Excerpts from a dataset
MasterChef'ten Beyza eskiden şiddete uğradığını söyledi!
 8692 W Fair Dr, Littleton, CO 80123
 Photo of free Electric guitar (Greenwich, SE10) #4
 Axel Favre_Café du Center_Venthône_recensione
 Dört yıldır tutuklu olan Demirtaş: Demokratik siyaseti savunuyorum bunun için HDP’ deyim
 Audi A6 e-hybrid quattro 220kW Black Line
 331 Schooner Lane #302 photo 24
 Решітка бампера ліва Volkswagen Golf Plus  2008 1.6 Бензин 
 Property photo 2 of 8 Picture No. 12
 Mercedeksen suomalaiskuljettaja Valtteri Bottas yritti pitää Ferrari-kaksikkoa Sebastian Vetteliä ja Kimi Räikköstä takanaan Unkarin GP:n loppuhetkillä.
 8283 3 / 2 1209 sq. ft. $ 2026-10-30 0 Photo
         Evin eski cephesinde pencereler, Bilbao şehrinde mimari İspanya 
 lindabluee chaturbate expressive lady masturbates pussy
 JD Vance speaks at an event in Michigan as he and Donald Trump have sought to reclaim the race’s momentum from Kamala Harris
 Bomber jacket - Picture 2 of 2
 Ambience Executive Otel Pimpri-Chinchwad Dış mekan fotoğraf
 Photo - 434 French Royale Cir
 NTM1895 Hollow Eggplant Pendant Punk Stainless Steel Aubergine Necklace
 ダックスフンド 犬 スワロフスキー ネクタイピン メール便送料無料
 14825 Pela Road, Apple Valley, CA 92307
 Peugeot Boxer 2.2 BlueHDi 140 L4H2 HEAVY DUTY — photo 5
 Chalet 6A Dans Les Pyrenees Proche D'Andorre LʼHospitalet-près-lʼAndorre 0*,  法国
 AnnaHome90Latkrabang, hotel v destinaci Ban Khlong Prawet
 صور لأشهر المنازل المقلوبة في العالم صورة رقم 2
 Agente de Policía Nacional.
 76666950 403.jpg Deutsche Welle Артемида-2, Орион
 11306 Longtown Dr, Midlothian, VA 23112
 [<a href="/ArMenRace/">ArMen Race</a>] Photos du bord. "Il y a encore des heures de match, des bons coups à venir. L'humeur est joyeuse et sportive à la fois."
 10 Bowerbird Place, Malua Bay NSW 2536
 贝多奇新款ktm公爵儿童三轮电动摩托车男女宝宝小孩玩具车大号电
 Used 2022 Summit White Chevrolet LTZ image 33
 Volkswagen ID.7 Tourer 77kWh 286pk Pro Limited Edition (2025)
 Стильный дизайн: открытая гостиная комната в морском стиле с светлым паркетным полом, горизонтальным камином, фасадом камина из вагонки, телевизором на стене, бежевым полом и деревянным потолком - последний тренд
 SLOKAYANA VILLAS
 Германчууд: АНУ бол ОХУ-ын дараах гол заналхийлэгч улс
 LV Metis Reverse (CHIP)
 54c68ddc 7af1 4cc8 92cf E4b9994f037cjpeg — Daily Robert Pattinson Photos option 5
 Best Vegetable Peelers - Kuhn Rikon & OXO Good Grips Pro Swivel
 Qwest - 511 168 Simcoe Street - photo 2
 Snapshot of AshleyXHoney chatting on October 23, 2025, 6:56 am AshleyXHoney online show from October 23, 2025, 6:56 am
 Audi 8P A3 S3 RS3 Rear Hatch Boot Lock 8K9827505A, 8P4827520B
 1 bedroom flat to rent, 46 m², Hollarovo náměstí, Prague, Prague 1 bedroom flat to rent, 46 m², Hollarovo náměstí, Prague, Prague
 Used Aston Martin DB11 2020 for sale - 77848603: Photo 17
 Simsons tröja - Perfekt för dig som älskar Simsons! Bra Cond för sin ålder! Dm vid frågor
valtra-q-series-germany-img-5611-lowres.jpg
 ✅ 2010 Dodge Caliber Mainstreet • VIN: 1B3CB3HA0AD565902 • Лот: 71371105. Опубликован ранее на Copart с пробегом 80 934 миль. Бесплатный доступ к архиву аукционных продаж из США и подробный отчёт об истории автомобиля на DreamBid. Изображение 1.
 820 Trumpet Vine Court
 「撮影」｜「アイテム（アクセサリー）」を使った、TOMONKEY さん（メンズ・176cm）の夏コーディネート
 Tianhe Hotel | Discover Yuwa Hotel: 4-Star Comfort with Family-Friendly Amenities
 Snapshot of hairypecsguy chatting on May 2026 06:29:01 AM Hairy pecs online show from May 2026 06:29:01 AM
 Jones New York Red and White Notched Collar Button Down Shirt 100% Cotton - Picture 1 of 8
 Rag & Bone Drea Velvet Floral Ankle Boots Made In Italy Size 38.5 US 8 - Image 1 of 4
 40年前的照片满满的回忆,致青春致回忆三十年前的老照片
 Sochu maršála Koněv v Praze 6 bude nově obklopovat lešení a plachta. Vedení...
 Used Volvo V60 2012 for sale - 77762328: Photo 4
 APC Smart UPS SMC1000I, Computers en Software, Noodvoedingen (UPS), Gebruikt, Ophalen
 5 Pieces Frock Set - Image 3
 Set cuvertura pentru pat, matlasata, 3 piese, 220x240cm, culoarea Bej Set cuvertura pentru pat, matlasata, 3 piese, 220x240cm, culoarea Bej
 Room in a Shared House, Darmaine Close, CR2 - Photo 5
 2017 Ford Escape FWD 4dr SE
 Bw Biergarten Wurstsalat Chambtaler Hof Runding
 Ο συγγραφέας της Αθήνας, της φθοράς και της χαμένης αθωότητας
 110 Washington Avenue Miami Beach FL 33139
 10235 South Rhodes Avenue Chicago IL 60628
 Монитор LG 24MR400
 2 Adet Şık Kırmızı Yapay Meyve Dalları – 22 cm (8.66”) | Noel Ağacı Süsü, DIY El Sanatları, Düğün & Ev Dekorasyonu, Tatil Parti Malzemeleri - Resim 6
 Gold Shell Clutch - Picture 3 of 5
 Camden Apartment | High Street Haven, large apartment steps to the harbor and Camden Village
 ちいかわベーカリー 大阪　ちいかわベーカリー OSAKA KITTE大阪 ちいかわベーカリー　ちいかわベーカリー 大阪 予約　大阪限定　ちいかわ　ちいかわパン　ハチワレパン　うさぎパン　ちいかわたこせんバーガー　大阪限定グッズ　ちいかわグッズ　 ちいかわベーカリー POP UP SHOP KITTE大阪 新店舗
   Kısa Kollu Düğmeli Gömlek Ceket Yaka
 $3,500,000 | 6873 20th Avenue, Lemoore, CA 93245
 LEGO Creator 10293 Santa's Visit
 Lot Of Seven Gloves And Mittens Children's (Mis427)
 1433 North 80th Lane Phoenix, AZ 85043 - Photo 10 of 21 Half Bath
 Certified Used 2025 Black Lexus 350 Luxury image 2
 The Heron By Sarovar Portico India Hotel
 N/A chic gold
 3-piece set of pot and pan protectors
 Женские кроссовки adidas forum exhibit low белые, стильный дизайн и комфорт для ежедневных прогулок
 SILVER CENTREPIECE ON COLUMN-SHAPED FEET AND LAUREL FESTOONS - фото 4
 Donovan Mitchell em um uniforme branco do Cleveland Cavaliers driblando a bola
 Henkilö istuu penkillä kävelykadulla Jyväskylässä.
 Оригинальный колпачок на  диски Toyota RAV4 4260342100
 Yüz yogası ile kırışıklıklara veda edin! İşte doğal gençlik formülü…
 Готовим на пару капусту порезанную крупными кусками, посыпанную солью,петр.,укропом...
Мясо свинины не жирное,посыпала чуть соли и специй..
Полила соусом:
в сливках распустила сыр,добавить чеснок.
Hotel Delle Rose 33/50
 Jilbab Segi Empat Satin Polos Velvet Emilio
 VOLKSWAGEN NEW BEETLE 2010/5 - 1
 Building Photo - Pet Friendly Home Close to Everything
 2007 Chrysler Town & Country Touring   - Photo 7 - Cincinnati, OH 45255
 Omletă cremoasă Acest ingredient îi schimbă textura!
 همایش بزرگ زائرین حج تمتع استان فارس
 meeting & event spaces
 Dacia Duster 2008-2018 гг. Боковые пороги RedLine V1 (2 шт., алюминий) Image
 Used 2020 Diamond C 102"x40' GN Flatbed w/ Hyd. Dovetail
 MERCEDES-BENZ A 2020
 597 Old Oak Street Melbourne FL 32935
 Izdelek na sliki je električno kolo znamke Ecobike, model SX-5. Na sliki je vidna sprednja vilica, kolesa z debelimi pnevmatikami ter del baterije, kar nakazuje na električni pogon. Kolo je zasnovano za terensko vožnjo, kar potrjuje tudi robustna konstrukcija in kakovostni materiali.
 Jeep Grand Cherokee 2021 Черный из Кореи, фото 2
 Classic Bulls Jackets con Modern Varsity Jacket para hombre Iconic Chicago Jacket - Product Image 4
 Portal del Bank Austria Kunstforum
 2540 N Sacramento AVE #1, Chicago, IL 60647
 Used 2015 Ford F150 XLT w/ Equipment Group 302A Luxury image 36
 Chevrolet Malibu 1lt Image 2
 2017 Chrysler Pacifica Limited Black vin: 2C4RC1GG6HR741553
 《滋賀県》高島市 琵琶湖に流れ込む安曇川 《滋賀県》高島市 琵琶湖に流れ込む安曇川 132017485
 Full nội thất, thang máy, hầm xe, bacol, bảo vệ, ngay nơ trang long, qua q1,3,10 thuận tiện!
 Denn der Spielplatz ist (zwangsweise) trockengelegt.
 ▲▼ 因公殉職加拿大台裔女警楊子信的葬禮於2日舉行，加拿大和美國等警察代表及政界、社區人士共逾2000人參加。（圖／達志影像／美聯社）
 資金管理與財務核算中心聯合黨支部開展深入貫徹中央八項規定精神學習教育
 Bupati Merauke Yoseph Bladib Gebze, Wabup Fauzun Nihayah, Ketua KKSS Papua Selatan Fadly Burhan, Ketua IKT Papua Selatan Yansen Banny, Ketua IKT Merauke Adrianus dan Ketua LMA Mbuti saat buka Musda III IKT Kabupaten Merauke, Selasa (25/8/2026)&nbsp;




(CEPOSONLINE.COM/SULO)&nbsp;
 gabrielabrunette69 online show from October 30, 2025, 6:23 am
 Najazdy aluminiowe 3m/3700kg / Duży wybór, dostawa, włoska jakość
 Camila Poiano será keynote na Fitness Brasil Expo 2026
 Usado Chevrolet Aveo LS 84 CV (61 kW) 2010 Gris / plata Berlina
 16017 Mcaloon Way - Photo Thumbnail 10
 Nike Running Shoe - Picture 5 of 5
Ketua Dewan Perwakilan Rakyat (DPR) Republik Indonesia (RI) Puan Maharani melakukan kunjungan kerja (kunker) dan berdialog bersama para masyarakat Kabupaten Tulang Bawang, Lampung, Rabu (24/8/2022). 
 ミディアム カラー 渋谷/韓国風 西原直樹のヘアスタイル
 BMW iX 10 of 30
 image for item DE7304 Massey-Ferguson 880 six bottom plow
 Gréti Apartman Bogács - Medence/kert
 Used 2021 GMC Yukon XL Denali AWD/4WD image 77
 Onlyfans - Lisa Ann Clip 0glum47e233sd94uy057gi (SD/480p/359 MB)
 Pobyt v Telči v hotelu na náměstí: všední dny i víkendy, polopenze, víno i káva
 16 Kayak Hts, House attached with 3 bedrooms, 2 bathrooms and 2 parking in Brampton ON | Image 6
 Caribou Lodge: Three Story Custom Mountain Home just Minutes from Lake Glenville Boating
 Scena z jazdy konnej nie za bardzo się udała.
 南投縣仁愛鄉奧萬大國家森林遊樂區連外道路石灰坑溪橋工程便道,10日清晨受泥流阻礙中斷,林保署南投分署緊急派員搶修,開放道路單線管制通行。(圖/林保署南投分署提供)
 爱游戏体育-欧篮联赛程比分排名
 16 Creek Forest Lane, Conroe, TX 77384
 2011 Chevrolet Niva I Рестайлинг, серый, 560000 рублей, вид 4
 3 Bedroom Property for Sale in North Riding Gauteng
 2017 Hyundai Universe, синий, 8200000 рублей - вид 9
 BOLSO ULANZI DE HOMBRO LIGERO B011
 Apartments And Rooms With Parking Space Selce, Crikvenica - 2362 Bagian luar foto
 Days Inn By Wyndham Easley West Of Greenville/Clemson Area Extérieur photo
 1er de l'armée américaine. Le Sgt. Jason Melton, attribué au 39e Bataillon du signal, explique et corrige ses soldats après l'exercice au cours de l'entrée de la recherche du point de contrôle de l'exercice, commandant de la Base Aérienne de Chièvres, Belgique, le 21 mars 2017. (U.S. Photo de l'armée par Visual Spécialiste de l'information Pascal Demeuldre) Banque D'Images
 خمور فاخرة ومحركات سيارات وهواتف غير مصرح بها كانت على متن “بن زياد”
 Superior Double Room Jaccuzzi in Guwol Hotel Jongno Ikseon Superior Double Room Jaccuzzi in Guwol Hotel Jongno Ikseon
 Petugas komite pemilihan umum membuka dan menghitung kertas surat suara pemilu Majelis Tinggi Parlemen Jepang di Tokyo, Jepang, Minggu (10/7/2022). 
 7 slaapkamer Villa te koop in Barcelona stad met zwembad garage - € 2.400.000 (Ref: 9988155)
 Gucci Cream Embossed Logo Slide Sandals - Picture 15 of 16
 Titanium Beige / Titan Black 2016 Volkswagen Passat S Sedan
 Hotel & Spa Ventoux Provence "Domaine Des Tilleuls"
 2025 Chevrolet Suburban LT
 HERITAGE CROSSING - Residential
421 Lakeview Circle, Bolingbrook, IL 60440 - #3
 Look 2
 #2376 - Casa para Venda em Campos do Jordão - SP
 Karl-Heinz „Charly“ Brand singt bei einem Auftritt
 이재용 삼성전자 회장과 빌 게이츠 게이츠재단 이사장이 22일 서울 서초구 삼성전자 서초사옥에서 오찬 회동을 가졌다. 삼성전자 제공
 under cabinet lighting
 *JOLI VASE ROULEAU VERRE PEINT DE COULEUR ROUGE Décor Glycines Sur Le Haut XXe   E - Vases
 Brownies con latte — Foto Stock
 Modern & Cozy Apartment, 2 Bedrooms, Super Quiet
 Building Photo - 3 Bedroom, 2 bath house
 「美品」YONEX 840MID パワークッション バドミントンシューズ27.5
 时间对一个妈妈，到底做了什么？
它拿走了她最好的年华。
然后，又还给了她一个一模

» **Action item**
Once you find the line containing "lindabluee chaturbate expressive", stop: reproduce exactly that line and every line of the data before it, and nothing else.

» **Answer section**
MasterChef'ten Beyza eskiden şiddete uğradığını söyledi!
 8692 W Fair Dr, Littleton, CO 80123
 Photo of free Electric guitar (Greenwich, SE10) #4
 Axel Favre_Café du Center_Venthône_recensione
 Dört yıldır tutuklu olan Demirtaş: Demokratik siyaseti savunuyorum bunun için HDP’ deyim
 Audi A6 e-hybrid quattro 220kW Black Line
 331 Schooner Lane #302 photo 24
 Решітка бампера ліва Volkswagen Golf Plus  2008 1.6 Бензин 
 Property photo 2 of 8 Picture No. 12
 Mercedeksen suomalaiskuljettaja Valtteri Bottas yritti pitää Ferrari-kaksikkoa Sebastian Vetteliä ja Kimi Räikköstä takanaan Unkarin GP:n loppuhetkillä.
 8283 3 / 2 1209 sq. ft. $ 2026-10-30 0 Photo
         Evin eski cephesinde pencereler, Bilbao şehrinde mimari İspanya 
 lindabluee chaturbate expressive lady masturbates pussy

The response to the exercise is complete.